(Source records)
━━━━━━━━━━━━━━━━
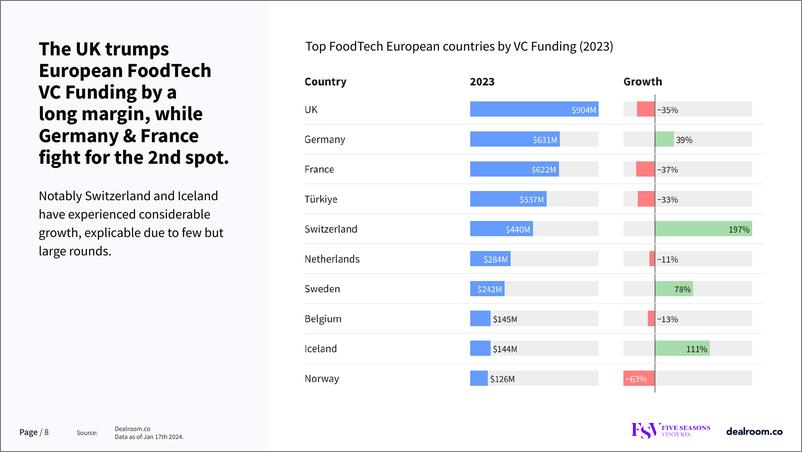 《Dealroom：2024年欧洲食品科技现状报告（英文版）》 - 第8页预览图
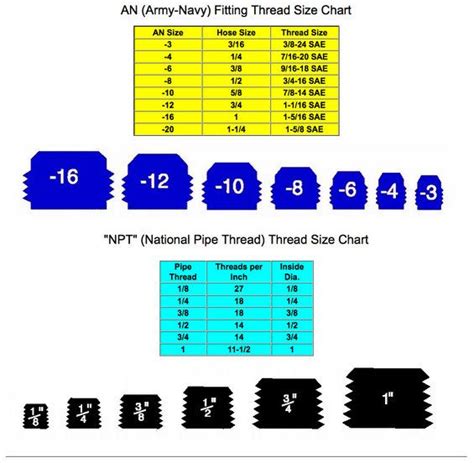 Brake Line Fitting Size Chart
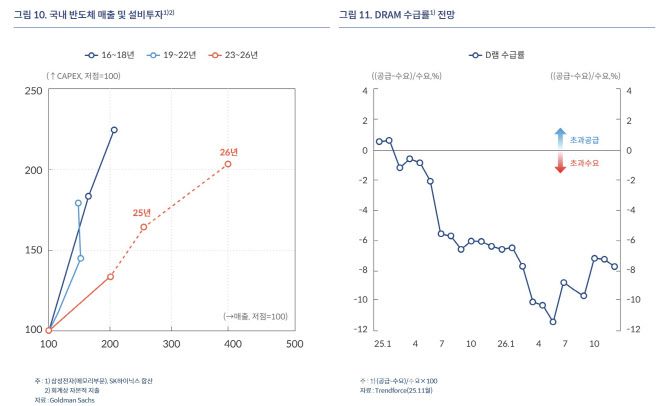 (자료= 한국은행)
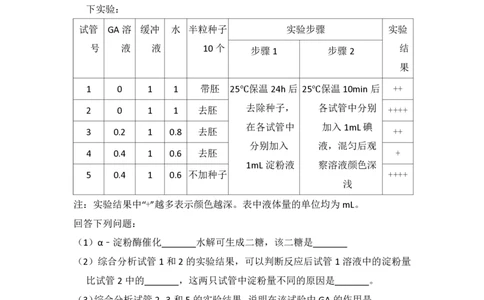 2013年高考生物试卷（新课标Ⅱ）（空白卷）_生物历年高考真题_新&middot;PDF版2008-2025&middot;高考生物真题_生物（按省份分类）2008-2025_2008-2025&middot;（黑龙江）生物高考真题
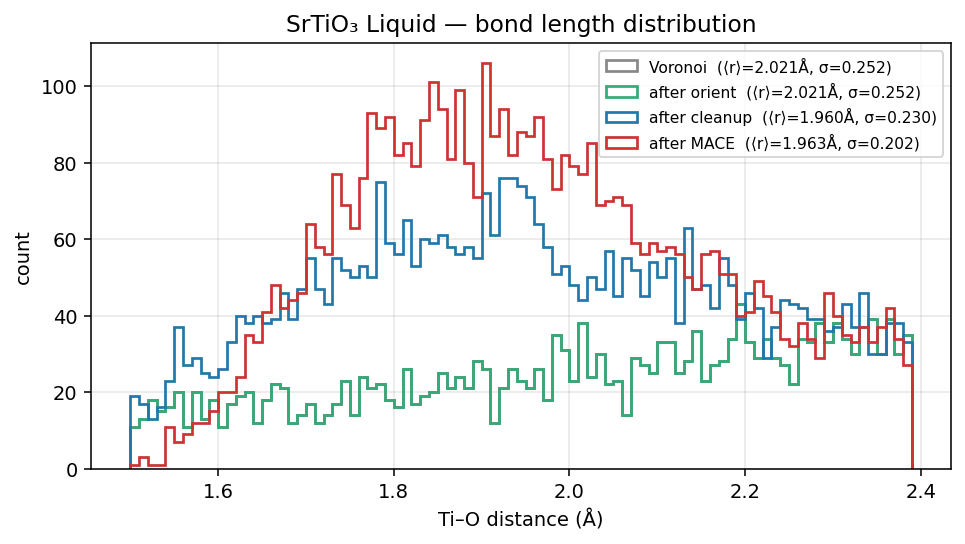 Strontium titanate Liquid bond length distribution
━━━━━━━━━━━━━━━━
Task to carry out:
Would you give the data above again word for word, skipping any images?

Answer to this exercise:
 《Dealroom：2024年欧洲食品科技现状报告（英文版）》 - 第8页预览图
 Brake Line Fitting Size Chart
 (자료= 한국은행)
 2013年高考生物试卷（新课标Ⅱ）（空白卷）_生物历年高考真题_新&middot;PDF版2008-2025&middot;高考生物真题_生物（按省份分类）2008-2025_2008-2025&middot;（黑龙江）生物高考真题
 Strontium titanate Liquid bond length distribution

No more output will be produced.